(Items from a dataset)
━━━━━━━━━━━━━━━━━━━━━━━━━━━━━━

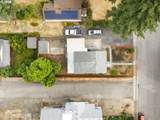 2085 Evergreen Ave - Photo 18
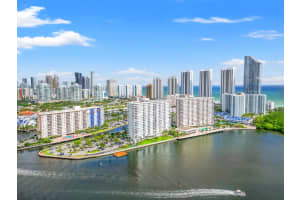 500 Bayview Drive Ph21 Sunny Isles Beach, FL 33160 - MLS#A11941070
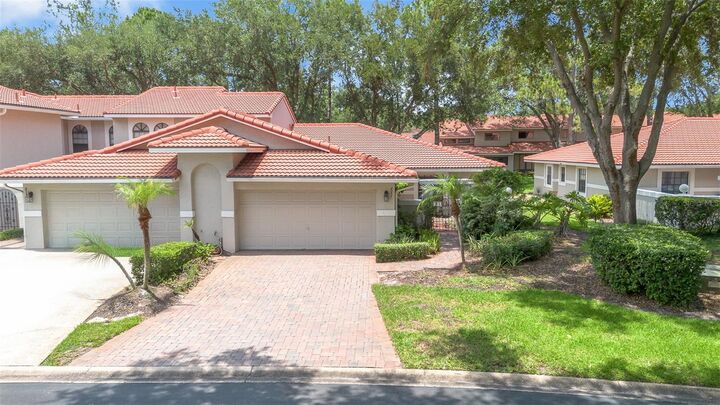 Property Photo: 8237 Breeze Cove Lane FL 32819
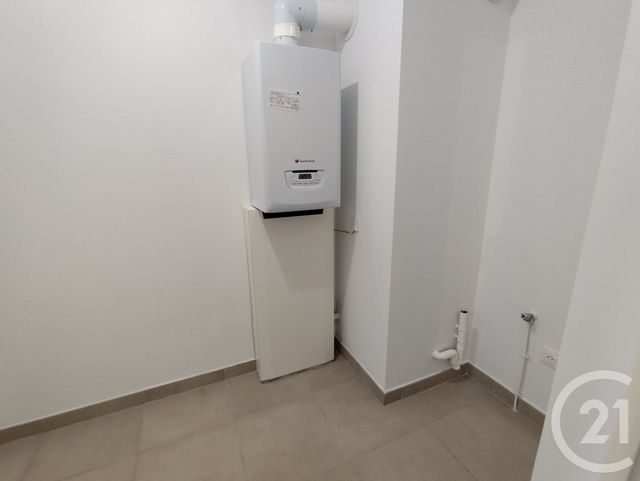 Appartement T3 à louer - 3 pièces - 72.2 m2 - NIMES - 30 - LANGUEDOC-ROUSSILLON - Century 21 Dhuoda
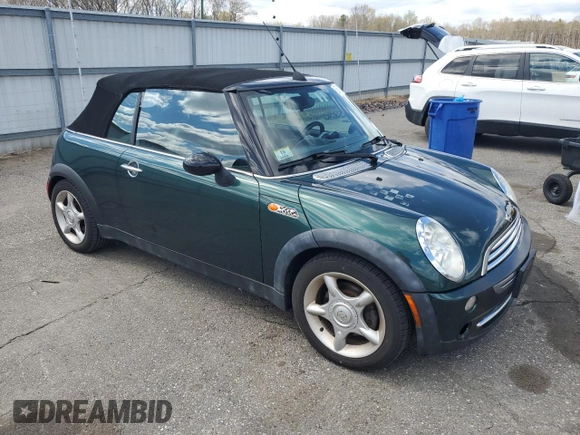 2005 MINI Convertible with VIN WMWRF33475TG10019, listed as a Copart auction lot 53307005 with 124,353 mi miles and Clean title. Bid and sale history available at DreamBid. Image 4.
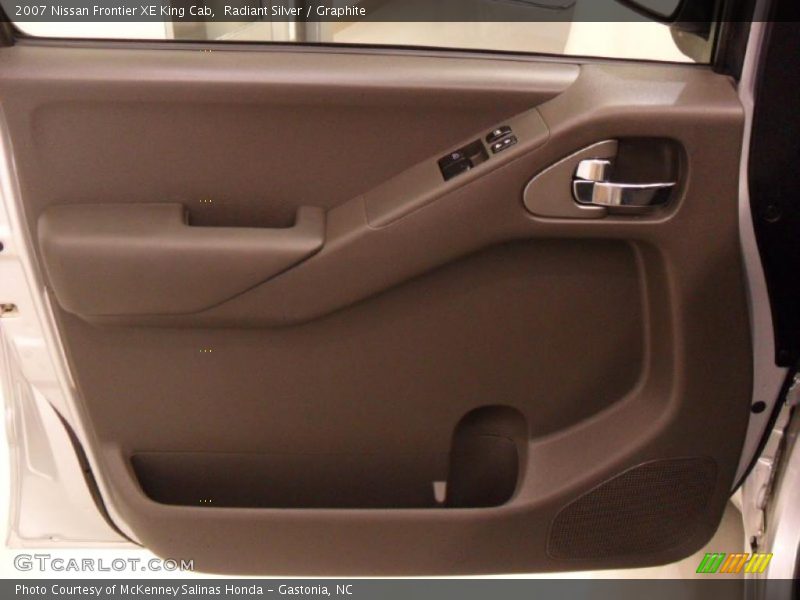 Radiant Silver / Graphite 2007 Nissan Frontier XE King Cab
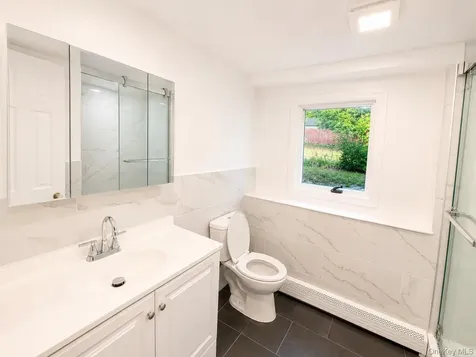27 Wedgewood Drive Coram NY 11727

━━━━━━━━━━━━━━━━━━━━━━━━━━━━━━

Exercise details: Begin at the line containing "Property Photo: 8237" and write out every line to the end of the data exactly. Skip the pictures.

Response:
 Property Photo: 8237 Breeze Cove Lane FL 32819
 Appartement T3 à louer - 3 pièces - 72.2 m2 - NIMES - 30 - LANGUEDOC-ROUSSILLON - Century 21 Dhuoda
 2005 MINI Convertible with VIN WMWRF33475TG10019, listed as a Copart auction lot 53307005 with 124,353 mi miles and Clean title. Bid and sale history available at DreamBid. Image 4.
 Radiant Silver / Graphite 2007 Nissan Frontier XE King Cab
27 Wedgewood Drive Coram NY 11727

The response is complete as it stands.